死を受け入れるには時間がかかる
注意!
今回は東野圭吾著「人魚の眠る家」を読んだ感想です。
「まだ読んでないよ!」「これから読もうと思ったのに!」
そんな方はブラウザバックお願いします。
それではどうぞ。
心に残った言葉
「この世には、意思統一しなくていい、むしろしないほうがいいということがあると思うのです」
主人公である薫子の言葉だ。
事故により実の娘が脳死状態になってしまった母親である彼女の、この言葉に作品のすべてがつまっている。
「もしかしたら目を覚ますかもしれない」という希望を最後まで、本当に最期まで持ち続けた薫子の思い。
普通に生活している子供と同じように、服を替え、先生に本を読んでもらい、話しかける。
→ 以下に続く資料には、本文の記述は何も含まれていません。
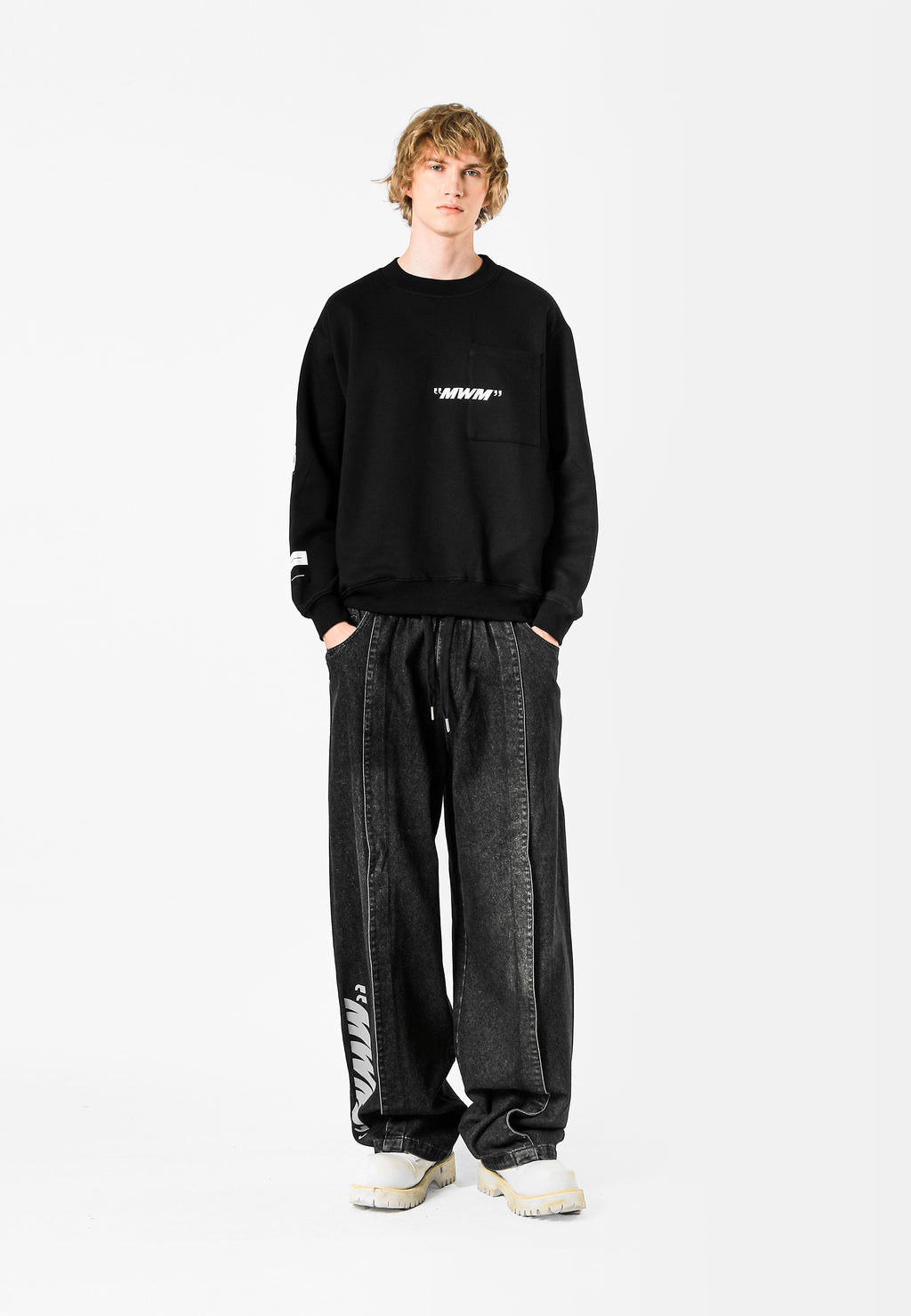 SUDADERA DISEÑO MWM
外から見たら、機械につながれた無残な子の姿にすがる狂気の母親だ。
けれども、薫子はただ子供にしてあげられることをしただけなのだ。
ただ、普通の子供と違うのは、彼女が眠っているというだけ。
脳死状態、ということだけにわが子を置かず、生きているということに重きを置いた薫子の思いは想像がつかない。
他人から狂気の沙汰だと言われようと、それを薫子は否定せず受け止めた。
そのうえで最期まで娘を看取り続けた。
娘の気持ちはいっさいわからない。描写がないからだ。それがとてもリアルで苦しくなった。
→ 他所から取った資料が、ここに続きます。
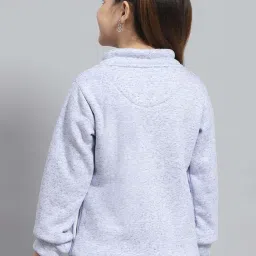 Monte Carlo Kids Blue Printed Full Sleeves Sweatshirt image 2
最後の瞬間だけ、それらしい描写があった。けれども、考えられるのは生きている人間だけなのだ。
葬式は必要か?
大学時代、講義の中で「葬式は必要か?」という話題になった。
都市化が進み、地方では過疎が進む現代において、葬式という儀式の必要性が薄れているのだそうだ。
私は、「葬式なんて必要ない」という意見に驚いた。
核家族化が進み、地方の共同墓地への墓参りもすたれている。
高い料金も問題になっている。それならしなければよい、と言うのだ。
私は必要だと思う。「死を受け入れるには時間がかかるからだ」
葬式という儀式は、亡くなった人を悼む時間、というよりも、いなくなったことを受け止める儀式だと思うのだ。
私の祖父もある日突然、事故で亡くなった。4年がたつ今でも受け入れられない。
もしお葬式を開かなかったら、お墓参りをしなかったら、ただ亡くなったという事実が私を打ちのめすだけ。そこには感情も何も無い。ただ過ぎ去る日常があるだけだ。
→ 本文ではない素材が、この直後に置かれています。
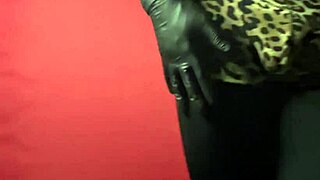 Feeling the tease in this seductive striptease dance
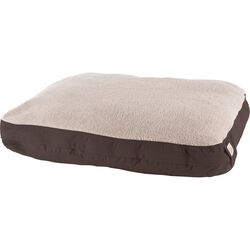 Carhartt Sherpa Top Dog Bed - Dark Brown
薫子の場合はもっと事実を受けとめることが難しかっただろう。娘の身体がそこにあって、機械が助けているとはいえ呼吸をしているのだ。
苦しくも生を実感する作品
物語を通してとても苦しかった。だが、苦しいだけではなかった。
生きているということの儚さと、難しさを実感した。
映画化しているが、まだ観れない。観れない、と思うのは、まだ私が身近な人の死を受け止め切れていないからだろう。